Philip Hamilton expected many things from the afterlife. He just didn't exactly expect to die.

Notes:

(See the end of the work for notes.)

Work Text:

Philip never exactly register when was it he breathed his last. Was it muttering the French numbers under his nose, desperately trying not to lose count on seven? Was it after hearing his mother’s scream? Or was it even later, when his father wrapped himself around his body, whispering prayers and curses? Philip really couldn’t tell – the last moments all seemed a blur.

What he could tell though was that the warm light, which surrounded him right after, seemed to almost lift him off the hospital bed, to gently carry him up and heal the throbbing wound. That his eyelids suddenly weren’t heavy at all and that he could speak again, he could think again and move his limbs again.

“Sept,” he muttered, his voice shaking, quiet as ever. “Sept, huit, neuf… Mum!”

He tried sitting up, but ended up plopping back on the hard surface, seized with a coughing fit.

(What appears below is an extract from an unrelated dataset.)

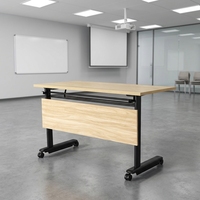 Büro-Klapptisch und -Stuhl-Set, Tragbare Faltbare Möbel mit Rollen, Verstellbarer Holz-Besprechungstisch nach Maß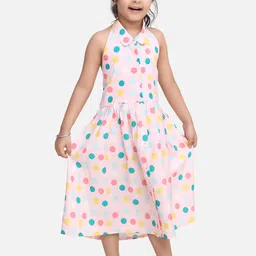BownBee Girls Pink & Blue Polka Dot Print Fit and Flare Dress-image-10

Even a whisper burned through his throat, feeling not even painful or straining – simply not right. He lied on the ground for few more long moments, before the source of light above him – for what it was, it could hardly be called the sun – was suddenly obstructed.

“Hey,” someone whispered. “Hey. No sharp movements, kid, at least for the next minute.”

“Who’re you?” Philip could only wheeze out. The man laughed.

“Not all at once. It is going to be hard to take in, and you have only been here for a few seconds.”

“Where’s here?”

“Do you listen to me at all?” he sighed, finally helping Philip sit up and lean against a – tree? He could swear it wasn’t there a moment ago. “First let yourself adjust to the surroundings, and then I will be at your service for satisfying your curiosity.”

“But – Mum! Where is Mum? And Pops, they were just here, I was just with them, in–”

Again, he was interrupted by a coughing fit. The man shook his head and passed him a glass of warm water – okay, that was certainly not around a second prior! – before shutting his eyelids.

“Are you religious?”

“Yes… Yes, Sir,” Philip answered, cautiously sipping the water. It tasted fresh and clear.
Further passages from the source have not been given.